(PROBLEM STATEMENT):
What you write should be an exact copy of the material, from its first line through the line containing "For Sale Rumah".

(THE DATA):
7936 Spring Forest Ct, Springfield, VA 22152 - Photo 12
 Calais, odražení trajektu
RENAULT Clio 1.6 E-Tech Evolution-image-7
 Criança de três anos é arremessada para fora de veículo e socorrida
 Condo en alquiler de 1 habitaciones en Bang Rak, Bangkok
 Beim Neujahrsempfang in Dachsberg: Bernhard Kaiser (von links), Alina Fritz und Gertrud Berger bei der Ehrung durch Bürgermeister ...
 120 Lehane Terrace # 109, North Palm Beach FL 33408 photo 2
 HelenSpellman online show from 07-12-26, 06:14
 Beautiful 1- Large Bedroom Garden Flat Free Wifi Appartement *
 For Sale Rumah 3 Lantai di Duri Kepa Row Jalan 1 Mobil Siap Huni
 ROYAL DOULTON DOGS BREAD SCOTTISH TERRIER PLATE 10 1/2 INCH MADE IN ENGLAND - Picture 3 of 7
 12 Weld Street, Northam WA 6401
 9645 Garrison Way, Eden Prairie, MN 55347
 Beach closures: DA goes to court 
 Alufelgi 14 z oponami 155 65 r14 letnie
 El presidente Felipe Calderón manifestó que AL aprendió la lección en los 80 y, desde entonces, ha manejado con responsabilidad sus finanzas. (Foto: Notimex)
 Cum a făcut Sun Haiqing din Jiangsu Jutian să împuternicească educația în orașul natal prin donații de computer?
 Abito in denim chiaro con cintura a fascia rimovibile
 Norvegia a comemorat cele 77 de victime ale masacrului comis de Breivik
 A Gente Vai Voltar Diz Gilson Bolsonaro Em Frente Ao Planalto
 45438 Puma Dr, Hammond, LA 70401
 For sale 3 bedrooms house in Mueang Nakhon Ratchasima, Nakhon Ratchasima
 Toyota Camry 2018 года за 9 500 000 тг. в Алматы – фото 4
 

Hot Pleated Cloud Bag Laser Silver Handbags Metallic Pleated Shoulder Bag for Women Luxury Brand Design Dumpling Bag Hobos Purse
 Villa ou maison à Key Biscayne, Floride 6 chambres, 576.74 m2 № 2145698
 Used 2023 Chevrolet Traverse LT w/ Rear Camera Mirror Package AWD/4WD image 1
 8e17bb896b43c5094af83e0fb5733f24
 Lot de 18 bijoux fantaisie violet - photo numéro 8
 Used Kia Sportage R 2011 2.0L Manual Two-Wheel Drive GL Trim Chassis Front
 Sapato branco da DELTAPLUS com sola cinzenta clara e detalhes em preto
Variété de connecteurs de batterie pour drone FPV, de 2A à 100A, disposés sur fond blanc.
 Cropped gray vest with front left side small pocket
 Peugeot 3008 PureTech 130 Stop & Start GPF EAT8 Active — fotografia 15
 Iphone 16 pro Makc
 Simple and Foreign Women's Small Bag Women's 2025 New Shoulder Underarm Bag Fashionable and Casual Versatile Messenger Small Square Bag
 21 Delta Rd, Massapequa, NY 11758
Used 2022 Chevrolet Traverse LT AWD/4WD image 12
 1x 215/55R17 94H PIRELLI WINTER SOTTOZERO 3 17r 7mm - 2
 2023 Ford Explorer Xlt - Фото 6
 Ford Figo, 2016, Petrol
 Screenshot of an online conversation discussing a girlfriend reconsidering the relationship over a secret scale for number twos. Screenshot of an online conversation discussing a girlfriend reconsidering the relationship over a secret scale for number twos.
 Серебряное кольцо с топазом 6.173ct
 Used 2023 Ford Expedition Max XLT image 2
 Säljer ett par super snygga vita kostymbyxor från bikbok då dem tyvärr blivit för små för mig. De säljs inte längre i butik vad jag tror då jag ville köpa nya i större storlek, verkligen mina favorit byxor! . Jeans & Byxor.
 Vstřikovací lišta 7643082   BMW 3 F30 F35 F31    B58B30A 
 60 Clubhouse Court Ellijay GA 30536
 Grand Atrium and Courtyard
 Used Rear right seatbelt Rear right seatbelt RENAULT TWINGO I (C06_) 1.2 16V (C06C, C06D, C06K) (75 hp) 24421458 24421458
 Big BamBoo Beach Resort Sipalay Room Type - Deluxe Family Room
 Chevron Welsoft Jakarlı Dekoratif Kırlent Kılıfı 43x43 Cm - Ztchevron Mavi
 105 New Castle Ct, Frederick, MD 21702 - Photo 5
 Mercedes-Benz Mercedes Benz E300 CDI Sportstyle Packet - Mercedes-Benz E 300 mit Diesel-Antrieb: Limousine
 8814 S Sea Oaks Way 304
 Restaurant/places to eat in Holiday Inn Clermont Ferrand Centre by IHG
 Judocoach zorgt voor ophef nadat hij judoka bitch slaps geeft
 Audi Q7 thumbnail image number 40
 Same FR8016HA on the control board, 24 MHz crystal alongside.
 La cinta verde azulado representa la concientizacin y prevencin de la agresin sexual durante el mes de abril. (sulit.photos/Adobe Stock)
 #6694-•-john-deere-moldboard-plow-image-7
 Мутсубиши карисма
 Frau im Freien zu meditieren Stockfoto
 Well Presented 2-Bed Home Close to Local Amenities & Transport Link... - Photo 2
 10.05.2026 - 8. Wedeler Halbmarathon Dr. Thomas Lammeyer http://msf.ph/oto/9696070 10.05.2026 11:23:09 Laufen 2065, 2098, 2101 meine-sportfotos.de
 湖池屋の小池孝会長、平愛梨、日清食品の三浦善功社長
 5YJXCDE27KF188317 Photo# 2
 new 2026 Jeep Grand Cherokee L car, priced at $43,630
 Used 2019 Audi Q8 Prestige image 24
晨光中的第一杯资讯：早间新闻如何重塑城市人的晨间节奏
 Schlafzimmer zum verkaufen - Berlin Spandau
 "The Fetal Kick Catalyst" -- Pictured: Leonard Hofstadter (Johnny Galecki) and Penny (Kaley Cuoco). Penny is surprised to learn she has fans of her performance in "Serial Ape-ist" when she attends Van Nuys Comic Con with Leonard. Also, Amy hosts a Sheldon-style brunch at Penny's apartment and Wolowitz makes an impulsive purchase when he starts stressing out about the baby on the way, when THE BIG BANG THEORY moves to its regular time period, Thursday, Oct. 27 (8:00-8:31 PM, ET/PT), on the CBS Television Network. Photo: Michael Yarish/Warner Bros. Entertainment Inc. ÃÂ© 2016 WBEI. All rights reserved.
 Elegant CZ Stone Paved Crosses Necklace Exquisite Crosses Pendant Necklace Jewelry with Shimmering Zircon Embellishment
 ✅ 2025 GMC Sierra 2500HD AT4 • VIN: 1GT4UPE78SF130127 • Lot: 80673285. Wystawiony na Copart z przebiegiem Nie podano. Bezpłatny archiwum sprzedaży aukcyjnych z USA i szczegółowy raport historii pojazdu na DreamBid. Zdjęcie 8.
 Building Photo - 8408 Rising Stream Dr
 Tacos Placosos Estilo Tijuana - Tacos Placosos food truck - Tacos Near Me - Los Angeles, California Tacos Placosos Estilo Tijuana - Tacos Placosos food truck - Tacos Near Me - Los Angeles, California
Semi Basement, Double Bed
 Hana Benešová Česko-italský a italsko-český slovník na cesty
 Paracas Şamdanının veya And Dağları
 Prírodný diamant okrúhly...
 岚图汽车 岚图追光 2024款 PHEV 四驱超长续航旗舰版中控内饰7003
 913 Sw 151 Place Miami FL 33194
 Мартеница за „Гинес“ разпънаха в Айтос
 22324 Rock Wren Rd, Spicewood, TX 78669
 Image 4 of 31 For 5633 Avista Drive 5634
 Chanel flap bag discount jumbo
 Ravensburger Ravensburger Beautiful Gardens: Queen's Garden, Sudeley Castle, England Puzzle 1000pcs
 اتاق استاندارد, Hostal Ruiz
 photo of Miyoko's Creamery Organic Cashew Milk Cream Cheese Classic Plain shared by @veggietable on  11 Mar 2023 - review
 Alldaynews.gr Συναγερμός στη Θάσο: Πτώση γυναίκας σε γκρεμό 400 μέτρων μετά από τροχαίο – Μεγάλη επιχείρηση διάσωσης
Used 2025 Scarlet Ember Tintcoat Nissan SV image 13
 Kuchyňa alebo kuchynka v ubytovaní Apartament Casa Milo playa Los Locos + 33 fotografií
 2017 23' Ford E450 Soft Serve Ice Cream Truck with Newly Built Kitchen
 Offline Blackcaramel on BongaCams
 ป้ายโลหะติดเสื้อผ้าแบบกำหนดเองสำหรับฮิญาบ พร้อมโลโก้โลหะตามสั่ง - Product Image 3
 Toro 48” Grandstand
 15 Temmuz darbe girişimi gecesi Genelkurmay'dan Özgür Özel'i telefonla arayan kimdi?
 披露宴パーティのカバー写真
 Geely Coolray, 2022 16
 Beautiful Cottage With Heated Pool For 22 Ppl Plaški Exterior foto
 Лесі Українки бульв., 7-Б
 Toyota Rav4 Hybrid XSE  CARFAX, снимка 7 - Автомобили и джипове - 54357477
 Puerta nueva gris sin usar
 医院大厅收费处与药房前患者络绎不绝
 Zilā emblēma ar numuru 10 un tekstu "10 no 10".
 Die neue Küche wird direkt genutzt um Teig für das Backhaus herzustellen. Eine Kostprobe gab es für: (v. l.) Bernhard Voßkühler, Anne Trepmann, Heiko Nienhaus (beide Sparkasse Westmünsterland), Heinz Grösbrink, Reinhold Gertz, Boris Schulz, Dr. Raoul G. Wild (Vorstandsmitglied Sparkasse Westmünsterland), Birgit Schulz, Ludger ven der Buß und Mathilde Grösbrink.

(TASK SOLUTION):
7936 Spring Forest Ct, Springfield, VA 22152 - Photo 12
 Calais, odražení trajektu
RENAULT Clio 1.6 E-Tech Evolution-image-7
 Criança de três anos é arremessada para fora de veículo e socorrida
 Condo en alquiler de 1 habitaciones en Bang Rak, Bangkok
 Beim Neujahrsempfang in Dachsberg: Bernhard Kaiser (von links), Alina Fritz und Gertrud Berger bei der Ehrung durch Bürgermeister ...
 120 Lehane Terrace # 109, North Palm Beach FL 33408 photo 2
 HelenSpellman online show from 07-12-26, 06:14
 Beautiful 1- Large Bedroom Garden Flat Free Wifi Appartement *
 For Sale Rumah 3 Lantai di Duri Kepa Row Jalan 1 Mobil Siap Huni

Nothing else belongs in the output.